Powerplant: 1 × ABC 8 hp, 7.5 kW (10 hp) Propeller: 2-blade Wingspan: 4.04 m (13 ft 3 in) Wing area: 8.50 m2 (91.5 sq ft) Length: 3.797 m (12 ft 5.5 in) Height: 1.37 m (4 ft 6 in) Empty weight: 104 kg (230 lb) Gross weight: 189 kg (417 lb) Endurance: 2 hr Maximum speed: 109 km/h (68 mph, 59 kn) Service ceiling: 1,000 m (3,300 ft) Crew: one
The “Dirigeable” was an unmanned proof-of-concept airship financed by Baron Edmond de Marçay together and designed by Dutchman Johan Kluytmans. It had its propeller positioned amidships and around the circumference of the two-part envelope, driven by an engine that was slung below the envelope. It was tested held by ropes, but was no success. Both de Marçay and Kluytmans went on to design more conventional aircraft.
An experimental single-seat scout, the de Marcay Type C utilised a SPAD 13 fuselage, built in 1919.
The initial design was based on the use of an eight-cylinder Liberty engine, but the difficulties experienced with this engine led to revision of the design to take a 300 hp Hispano-Suiza 8Fb eight-cylinder water-cooled engine as the de Marcay 2 Cl. An unequal-span staggered single-seat biplane with horn-balanced ailerons on the upper wing only and an armament of two synchronised 7,7-mm Vickers machine guns.
The Type C achieved 157 mph at Villacoublay flown by Lt. Lebeau. Although the fastest fighter participating in the 1919 Service Aéronautique contest held at Villacoublay, no production order was placed for the de Marcay 2 Cl and only one prototype was completed.

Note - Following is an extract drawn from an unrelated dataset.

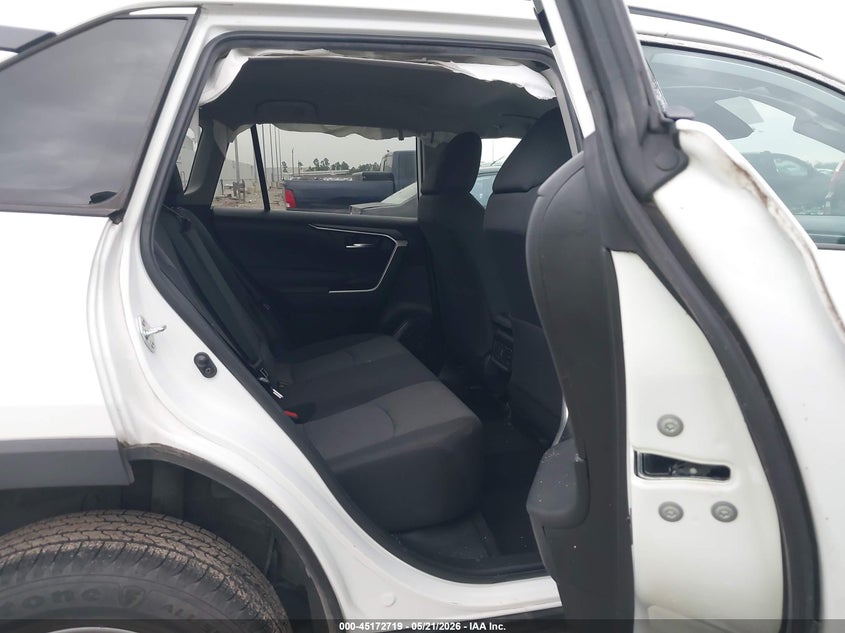 2020 Toyota Rav 4 VIN 2T3W1RFV7LW077012 IAAI salvage auction — LEFT FRONT, Original (Texas), sold $7,500 on 2026-07-30 (photo 8)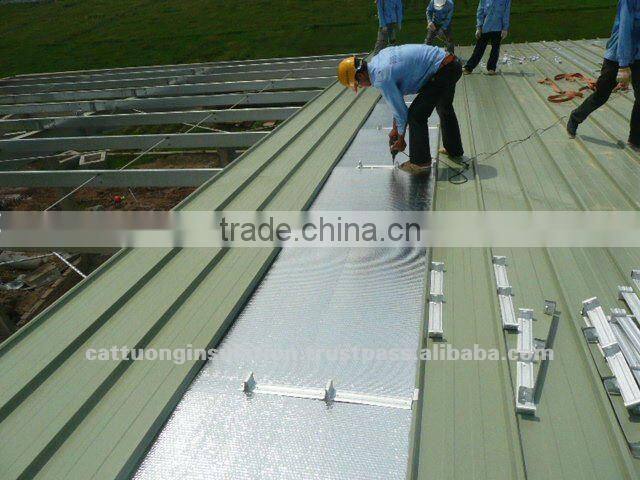 Aluminum Foil fireproof foam Insulation for construction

Engine: 300 hp Hispano-Suiza 8Fb eight-cylinder Max speed, 156 mph (252 km/h) at sea level, 144 mph (232 km/h) at 9,840 ft (3000 m). Time to 16,405 ft (5000 m), 16.27 min. Span, 30 ft 4 1/8 in (9,25 m). Length 21 ft 8.6 in (6,62 m). Wing area, 269.1 sq ft (25,00 sq.m).
The Deleray Aircraft Works D-5 Sport Plane of 1920 was a single-seat open cockpit biplane powered with a 15hp motorcycle engine. The lower wing slightly shorter. It could be practically any motorcycle motor of 12 hp or more. The slab-sided early ultralight was advertised as “complete set of 18 large plans” for $6.00.